> **WORK TASK**:
Keep the pictures out of the copy and repeat the records exactly.

> **Image-text web data**:
####################

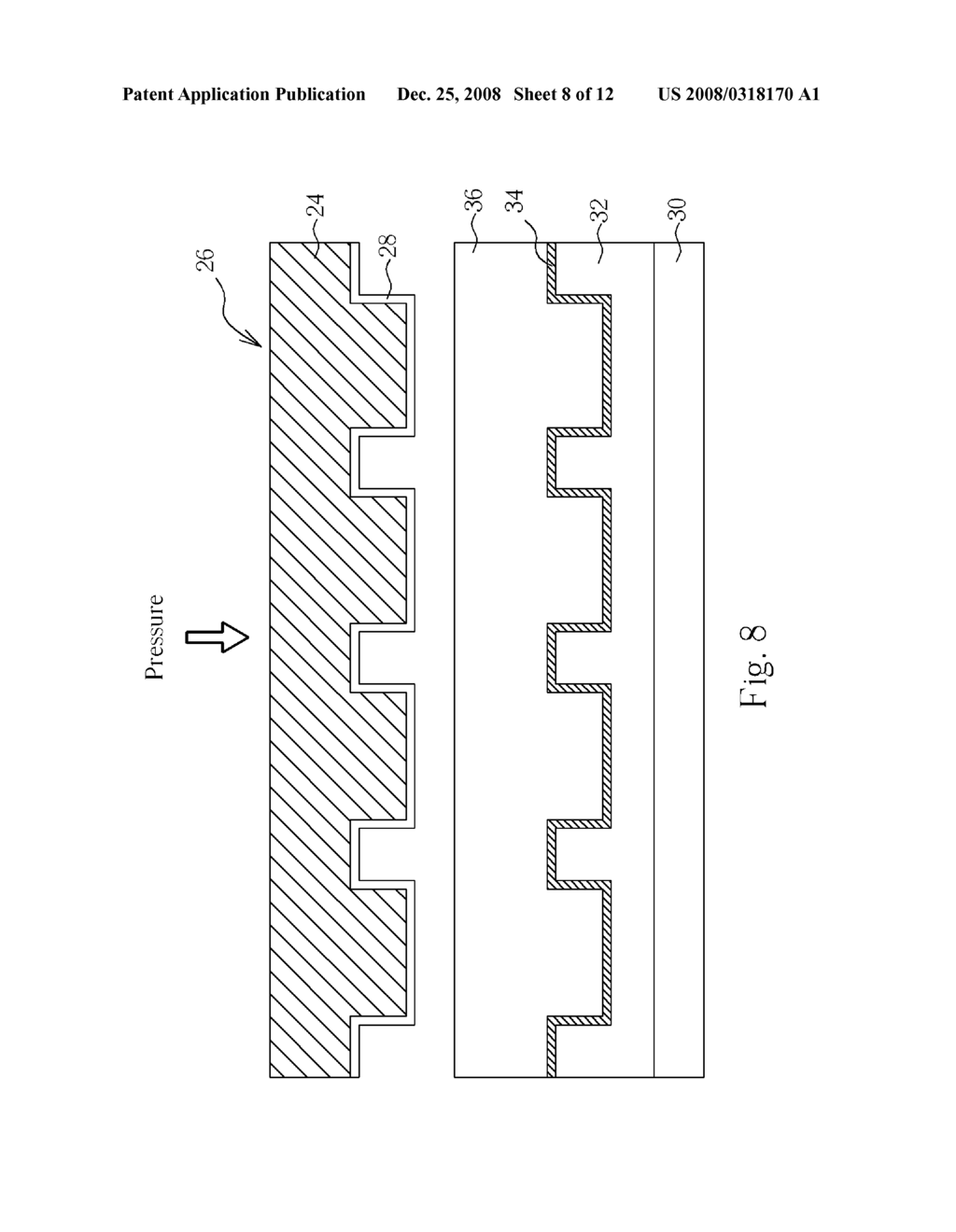 Method of making an optical disc - diagram, schematic, and image 09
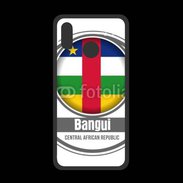 Coque  Huawei P20 Lite PREMIUM Logo Bangui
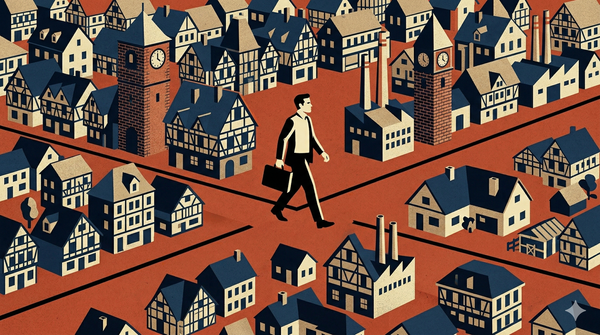 ETA in Germany: Why the Model Works Better Than Anyone Realizes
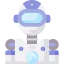 Robot icon 64x64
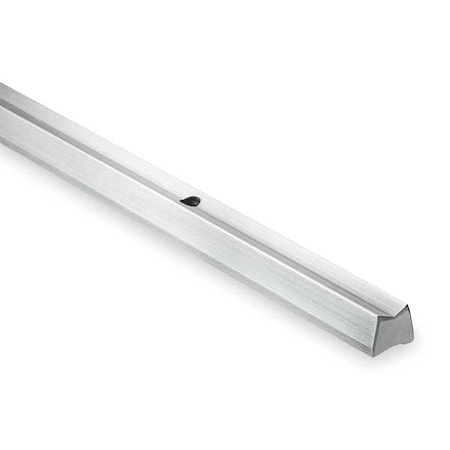 Thomson LSR-8-PD - Support Rail,Steel,48in L,0.812in H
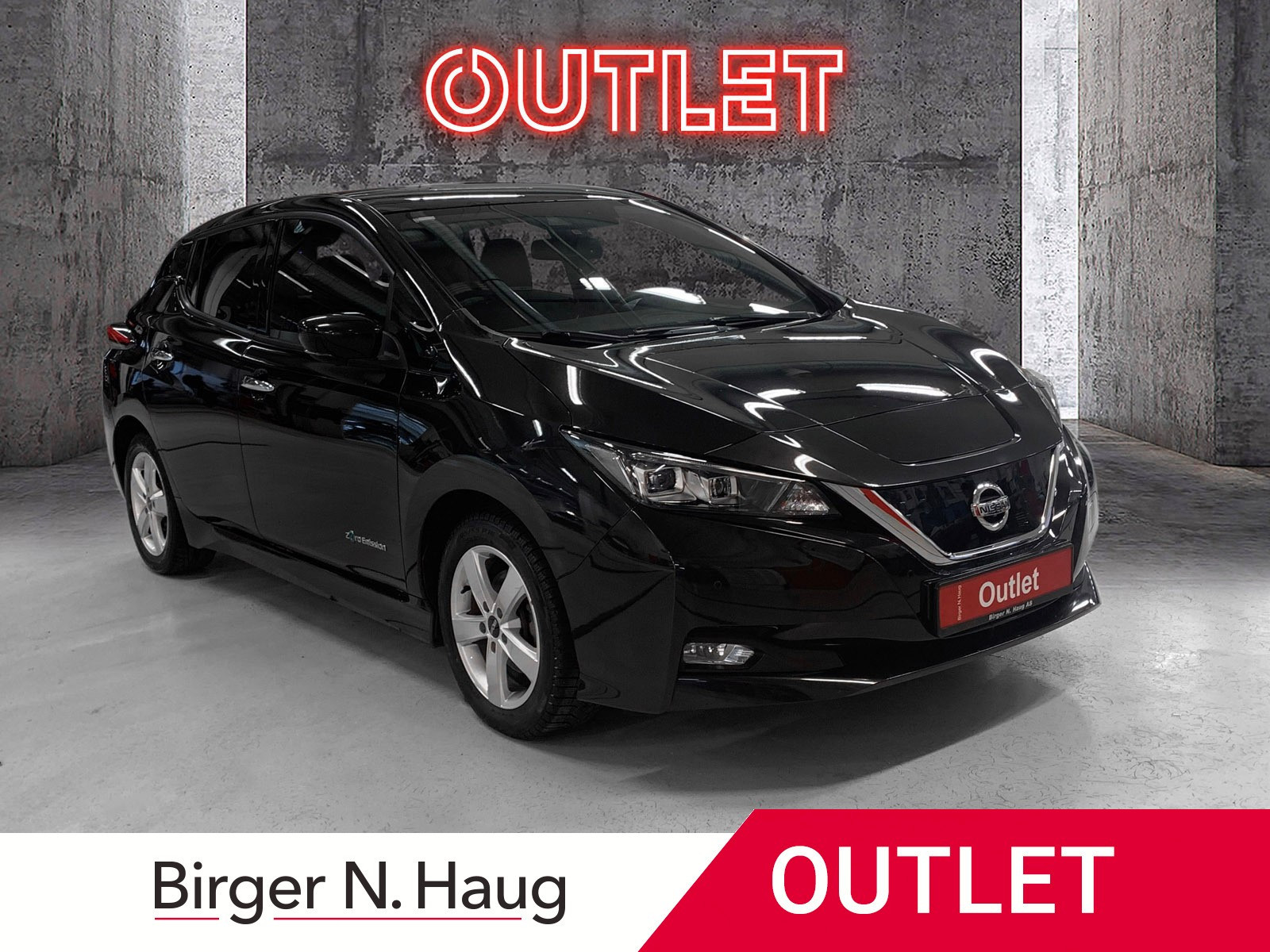 Nissan Leaf 40kWh Launch Edition /OUTLET/360 KAMERA/NAVI/ACC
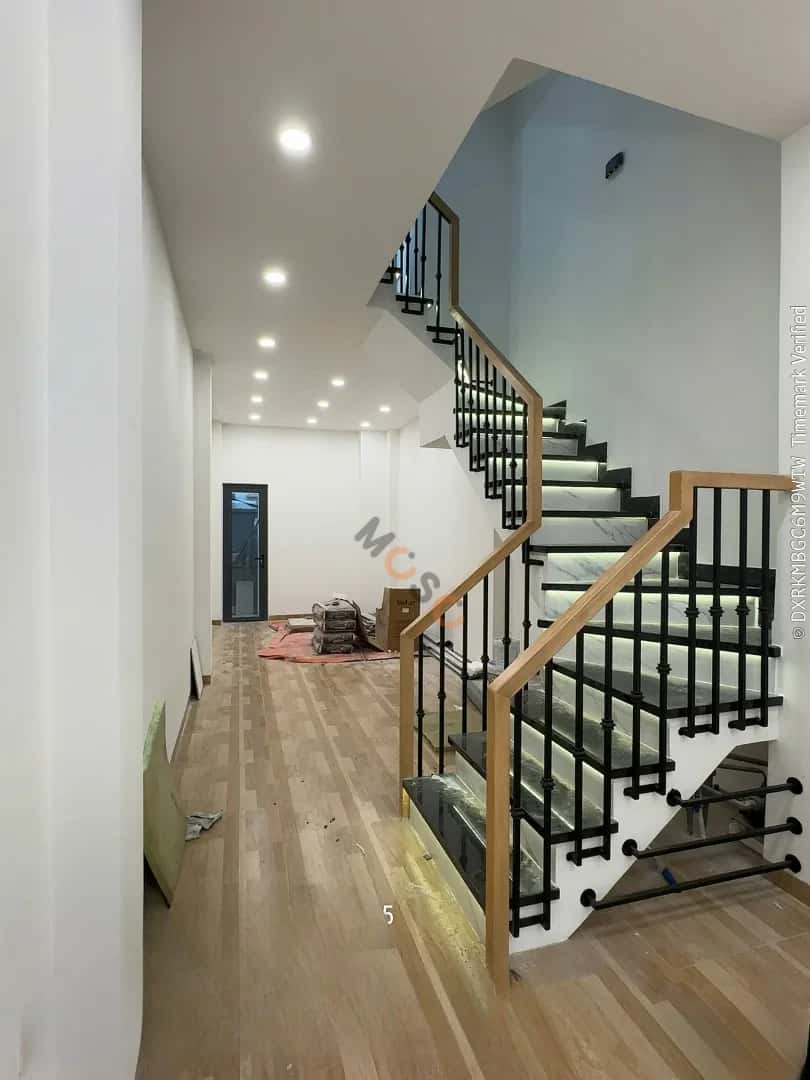 Bán nhà mặt tiền Cô Giang Quận Phú Nhuận, TP.HCM – 4 phòng ngủ, giá 14.5 tỷ — Hình 3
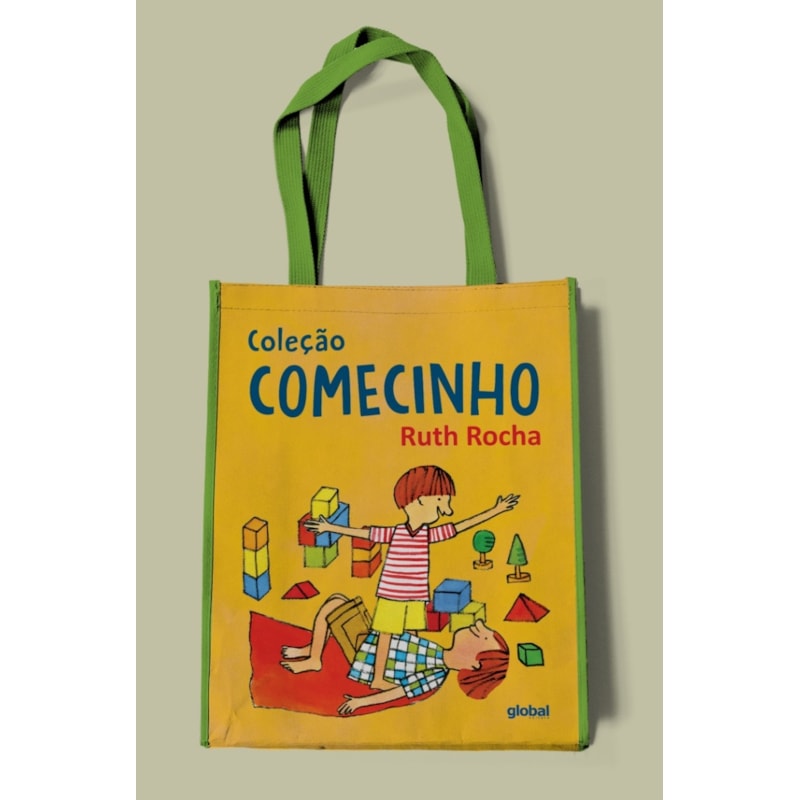 Coleção Comecinho Ecobag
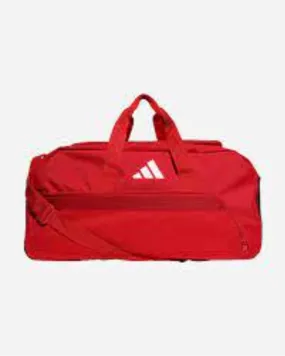 ADIDAS TIRO DUFFLEBAG M TEAM POWER RED/WHITE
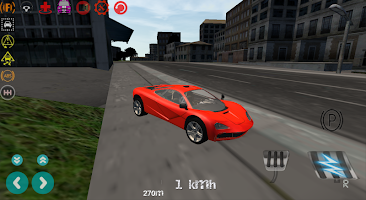 Speed   Car Drive Simulator 3D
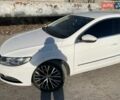 Білий Фольксваген CC / Passat CC, об'ємом двигуна 1.8 л та пробігом 238 тис. км за 9500 $, фото 3 на Automoto.ua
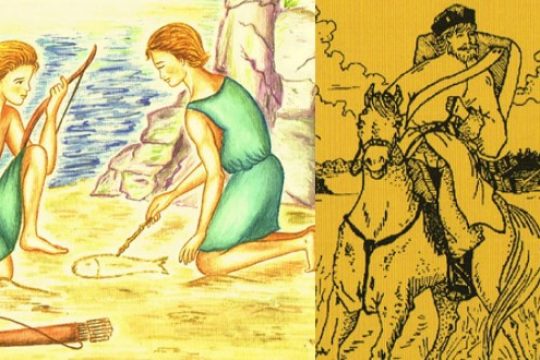 Recension: « Un signe sur le sable » et « Timothée le voleur d’icônes »: deux romans pour enfants et adolescents publiés par les éditions Apostolia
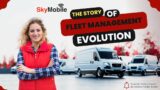 Evolution of Fleet Management: (The story from Paper to Digital)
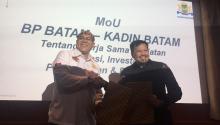 Kadin-BP Batam Kerja Sama Datangkan Investor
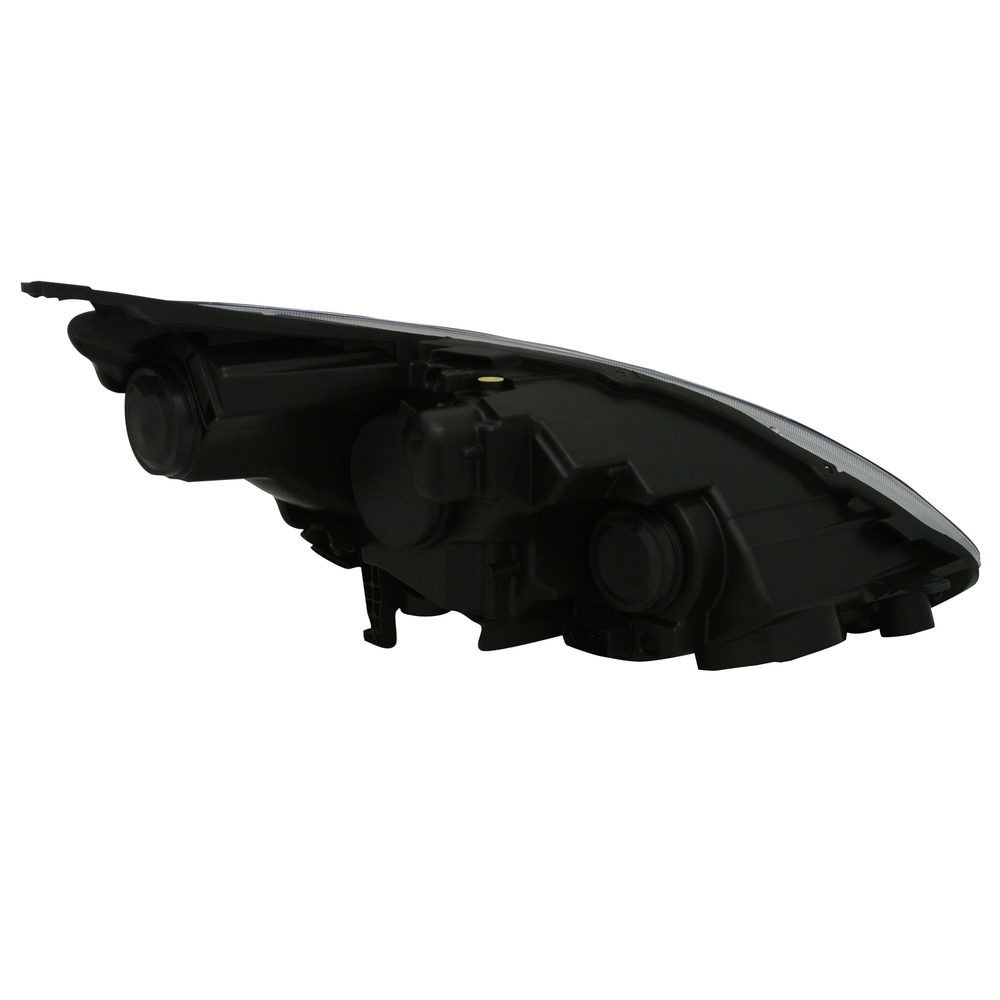TYC 20-9558-00-9 CAPA Certified Headlight Assembly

####################

> **TASK RESULT**:
 Method of making an optical disc - diagram, schematic, and image 09
 Coque  Huawei P20 Lite PREMIUM Logo Bangui
 ETA in Germany: Why the Model Works Better Than Anyone Realizes
 Robot icon 64x64
 Thomson LSR-8-PD - Support Rail,Steel,48in L,0.812in H
 Nissan Leaf 40kWh Launch Edition /OUTLET/360 KAMERA/NAVI/ACC
 Bán nhà mặt tiền Cô Giang Quận Phú Nhuận, TP.HCM – 4 phòng ngủ, giá 14.5 tỷ — Hình 3
 Coleção Comecinho Ecobag
 ADIDAS TIRO DUFFLEBAG M TEAM POWER RED/WHITE
 Speed   Car Drive Simulator 3D
 Білий Фольксваген CC / Passat CC, об'ємом двигуна 1.8 л та пробігом 238 тис. км за 9500 $, фото 3 на Automoto.ua
 Recension: « Un signe sur le sable » et « Timothée le voleur d’icônes »: deux romans pour enfants et adolescents publiés par les éditions Apostolia
 Evolution of Fleet Management: (The story from Paper to Digital)
 Kadin-BP Batam Kerja Sama Datangkan Investor
TYC 20-9558-00-9 CAPA Certified Headlight Assembly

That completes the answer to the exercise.